Possible thread leak 'QueueSubTaskMetrics' in metrics - Allow finishing builds when SubTask badly fail


    • jenkins-2.205

      In one large instance we can see 3000 threads with this shape:


      "QueueSubTaskMetrics [#11342]" #5508106 daemon prio=5 os_prio=0 tid=0x00007efcf085a800 nid=0x52c7 in Object.wait() [0x00007efbccb32000] java.lang.Thread.State: WAITING (on object monitor) at java.lang.Object.wait(Native Method) at java.lang.Object.wait(Object.java:502) at hudson.remoting.AsyncFutureImpl.get(AsyncFutureImpl.java:75) - locked <0x0000000512c01d10> (a hudson.model.queue.FutureImpl) at jenkins.metrics.impl.JenkinsMetricProviderImpl.lambda$asSupplier$3(JenkinsMetricProviderImpl.java:1142) at jenkins.metrics.impl.JenkinsMetricProviderImpl$$Lambda$388/1851215464.get(Unknown Source) at java.util.concurrent.CompletableFuture$AsyncSupply.run(CompletableFuture.java:1590) at java.util.concurrent.ThreadPoolExecutor.runWorker(ThreadPoolExecutor.java:1149) at java.util.concurrent.ThreadPoolExecutor$Worker.run(ThreadPoolExecutor.java:624) at java.lang.Thread.run(Thread.java:748) Locked ownable synchronizers: - <0x00000004dc401fb0> (a java.util.concurrent.ThreadPoolExecutor$Worker)
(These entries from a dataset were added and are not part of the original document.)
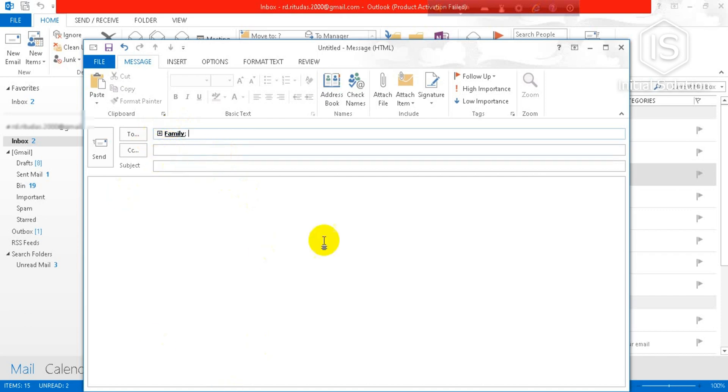Okay, now you can add your email which you want to add. Now at last you have to go for Send.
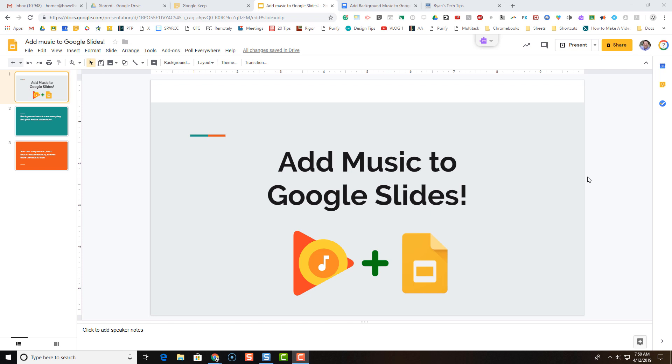Google has caught up with Microsoft PowerPoint and given you the ability to add audio, add background music to your slides, and let that audio continue to play until your slideshow is over. There were some workarounds to try to get it done in the past, but frankly, it wasn't that nice.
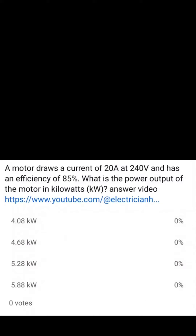Welcome back. I am the Electrical Code Coach and this is the electrical question of the day. A motor draws a current of 20 amps at 240 volts and has an efficiency of 85%. What is the power output of the motor in kW?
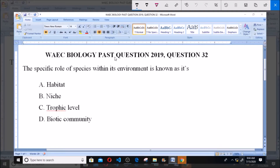Hello, good day and welcome. Today we'll be dealing with WAEC biology past question 2019. I'll be solving question 32: 'The specific role of species within its environment is known as: a) habitat, b) niche, c) trophic level, d) biotic community.'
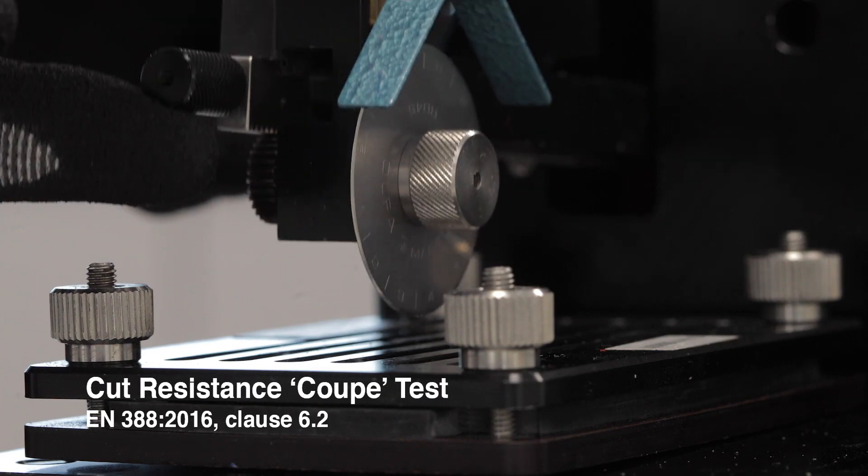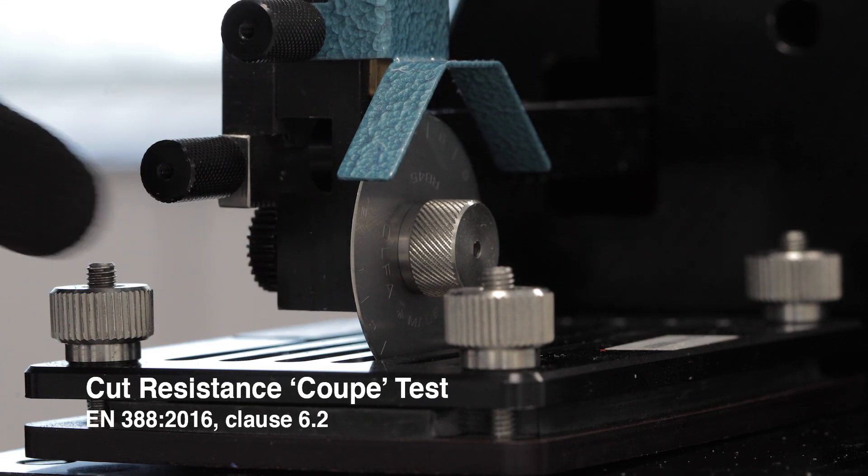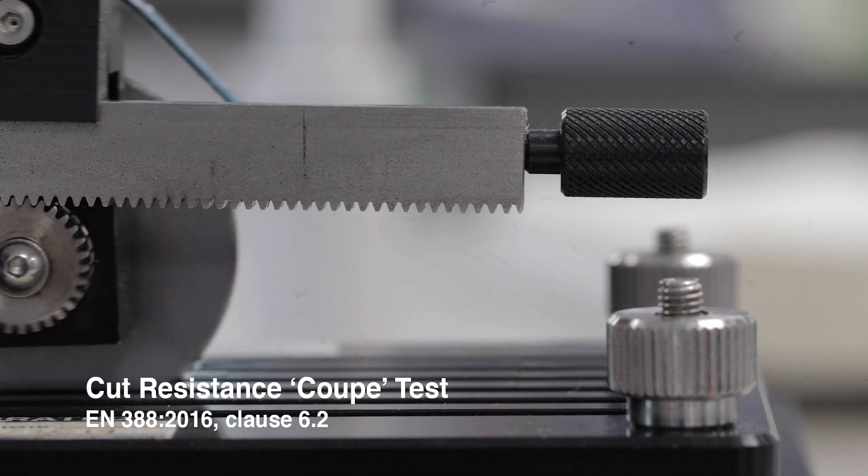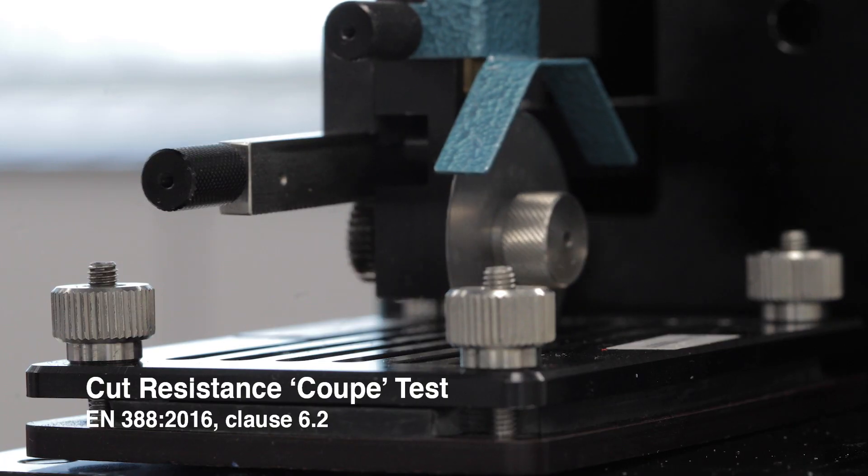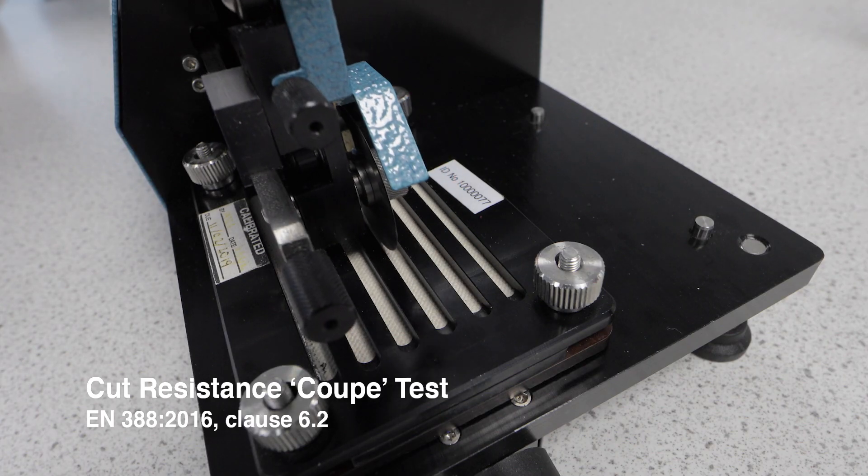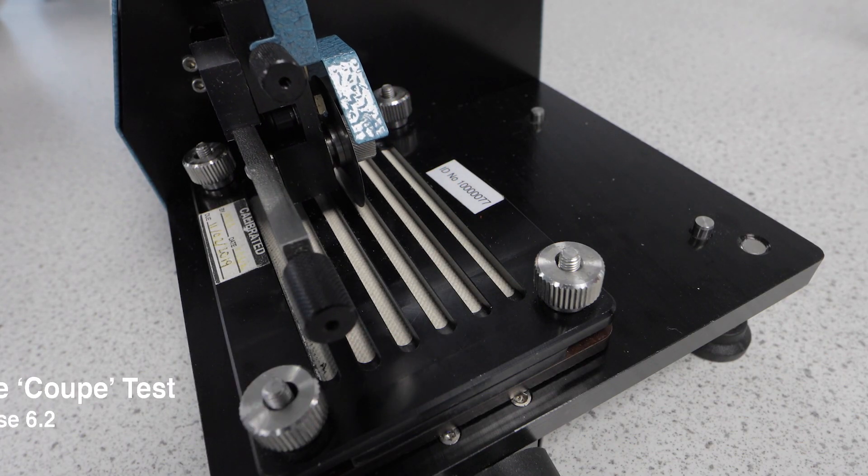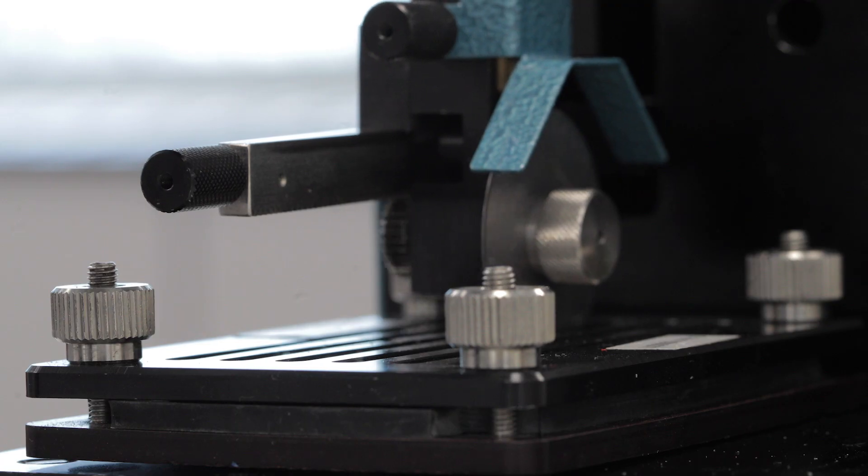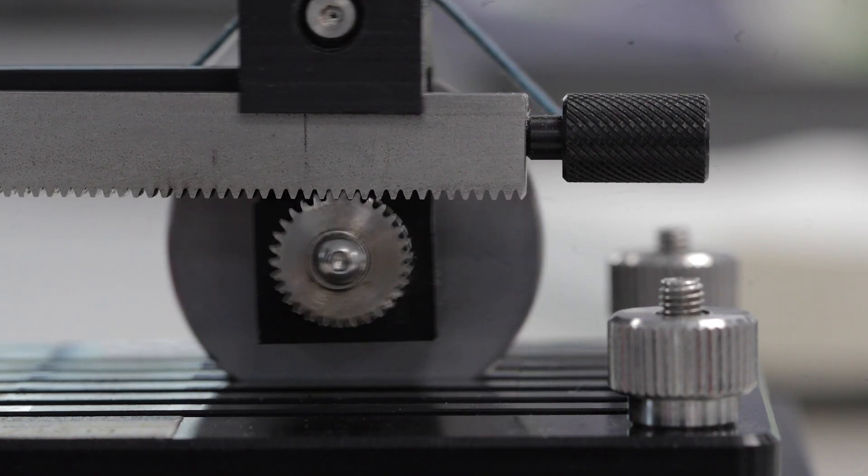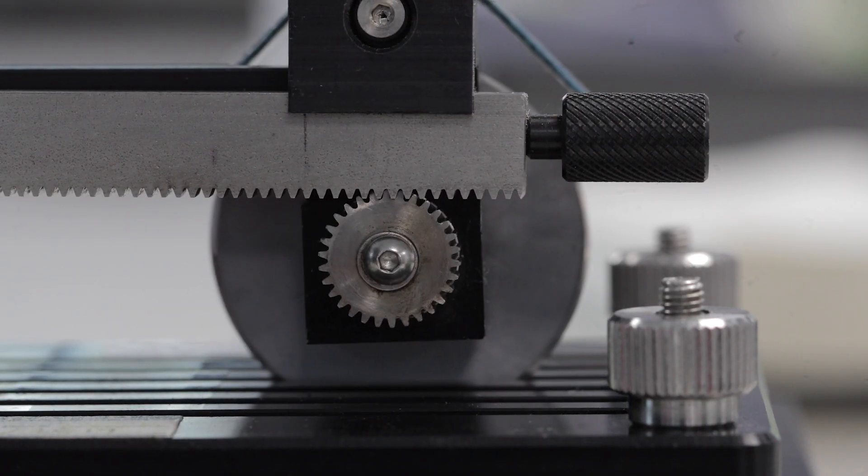The coupe test assesses how well gloves protect against sharp objects by counting the number of times a rotating blade moves back and forth over the fabric before it cuts through the glove sample.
      There is way less number of jobs running or waiting (130) and the number of these threads never decreases.

      After investigating the code:

      • Metrics listens to the queue with a QueueListener creating threads with the name QueueSubTaskMetrics
      • The 3000 threads shown are all waiting for a future to be completed.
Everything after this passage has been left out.